Si des évènements qu’il était au-dessus de la puissance humaine de maîtrise, ont tenu si longtemps les deux premières nations de l’Europe dans une attitude jalouse ou hostile, remercions la providence qui les unit ensemble aujourd’hui, afin de protéger le faible contre le fort, et de permettre aux lumières de pénétrer sur tous les rivages et chez tous les peuples.
Pour notre part, monsieur le commandant, nous espérons que votre arrivée parmi nous va marquer le commencement d’une nouvelle ère de prospérité pour les deux pays, et que les rapports commerciaux et les relations sociales qui vont s’ensuivre cimenteront chaque jour davantage l’alliance intime de l’Angleterre et de la France.
Dans cette vive espérance, veuillez bien, monsieur le commandant, agréer nos félicitations les plus sincères, et croit que c’est pour nous l’occasion d’une grande joie de vous voir sur un rivage où vos frères et les nôtres ont élevé autrefois la première tente de la civilisation.
À ces paroles du Maire de Québec, M. de Belvèze répondit comme suit :
M. le Maire, Messieurs,
Je suis touché de l’accueil sympathique que vous voulez bien me faire à mon arrivée sur vos rivages; c’est à la France, la patrie commune de vos aïeux et des nôtres, c’est à la gracieuse souveraine de la Grande-Bretagne, c’est à l’Empereur Napoléon que doivent être reportés l’honneur et l’hommage de cette réception: elle est la conséquence de la noble et féconde alliance qui unit les deux plus puissantes nations de l’Europe et les arme en ce moment pour défendre la civilisation contre la barbarie et rendre la paix au monde.
L`Empereur Napoléon disait à Londres: »Le temps des conquêtes, est passé sans retour, et c’est en se mettant à la tête des idées généreuses, en faisant prévaloir partout l’empire du droit et de la justice, qu’une nation peut désormais être honorée et puissante. »
La mission que Sa Majesté Impériale m’a confiée est l’application de cette pensée. Absente depuis un siècle du fleuve St. Laurent, la marine française y revient pour renouer des relations commerciales longtemps interrompues, faire profiter notre pays des progrès immenses de votre agriculture et de votre industrie, ouvrir à nos armateurs et aux produits du travail français une voie qui fut longtemps fermée à nos vaisseaux.

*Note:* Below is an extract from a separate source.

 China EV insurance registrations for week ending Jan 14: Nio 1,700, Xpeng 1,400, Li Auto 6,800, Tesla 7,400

L’adresse pleine de sentiments bienveillants, qui m’est présentée, monsieur le Maire, l’assemblée nombreuse qui entoure de tant d’honneur mon premier pas sur ce rivage, m’assure que votre concours est acquis à cette œuvre de progrès.

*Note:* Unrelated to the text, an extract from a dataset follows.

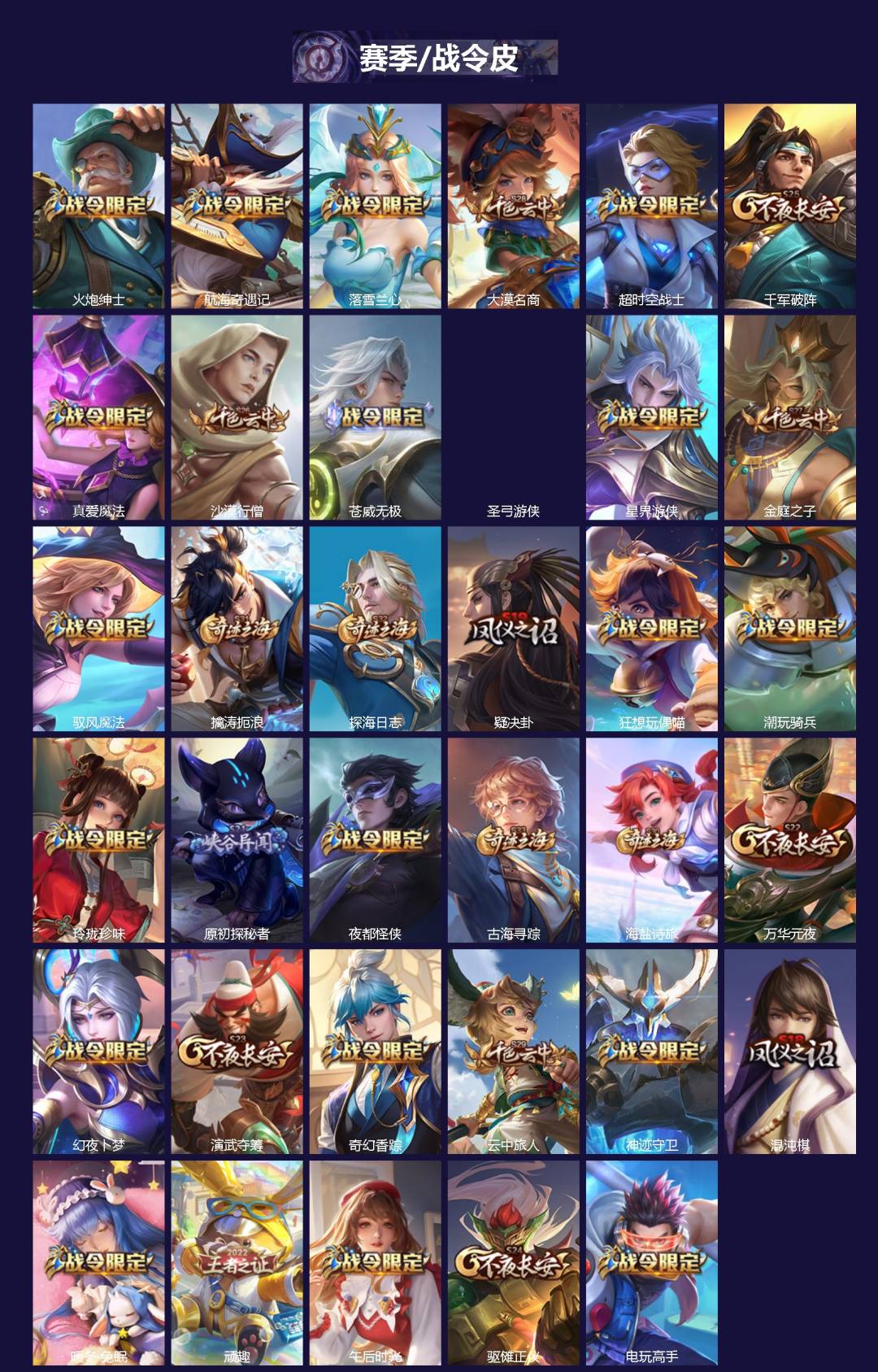 WZLX4284583王者荣耀账号详情图2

Veuillez, M. le Maire, agréer l’expression de ma profonde gratitude et vous en rendre l’interprète auprès de vos concitoyens.
Le chef de division, commandant la Capricieuse,
V. Belveze.
La présentation terminée, plusieurs voitures transportèrent à l’hôtel du gouvernement M. de Bellevèze et quelques officiers du bord, le cortège recevant partout sur son passage les acclamations empressées de la foule.

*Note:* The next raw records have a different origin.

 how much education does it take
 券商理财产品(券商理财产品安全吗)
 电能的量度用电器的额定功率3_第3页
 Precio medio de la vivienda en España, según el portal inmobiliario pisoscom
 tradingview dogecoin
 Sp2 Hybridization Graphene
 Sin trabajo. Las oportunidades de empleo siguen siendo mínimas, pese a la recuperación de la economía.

Des pavillons aux couleurs de la France et d’Angleterre ornaient les devants de plusieurs maisons sur les rues où cheminait le cortège. Parvenus à la station indiquée, son Excellence le gouverneur, qui venait de s’y rendre avec le cérémonial militaire usité dans les grandes occasions, reçut M. de Bellevèze ses lettres de créance, et cette formalité fut suivie d’une excursion aux fortifications de la Citadelle de Québec.
Ensuite, M. de Bellevèze visita, sur invitation spéciale de la Corporation de Québec, la cataracte de Montmorency et les ouvrages de l’Aqueduc à Lorette. Les officiers français dînèrent au château de Spencer – Wood et au banquet chez son Excellence, le gouverneur général.
Ensuite, l’équipage de la corvette posa la pierre angulaire du Monument aux Braves de la Bataille de Sainte-Foy du 28 avril 1760.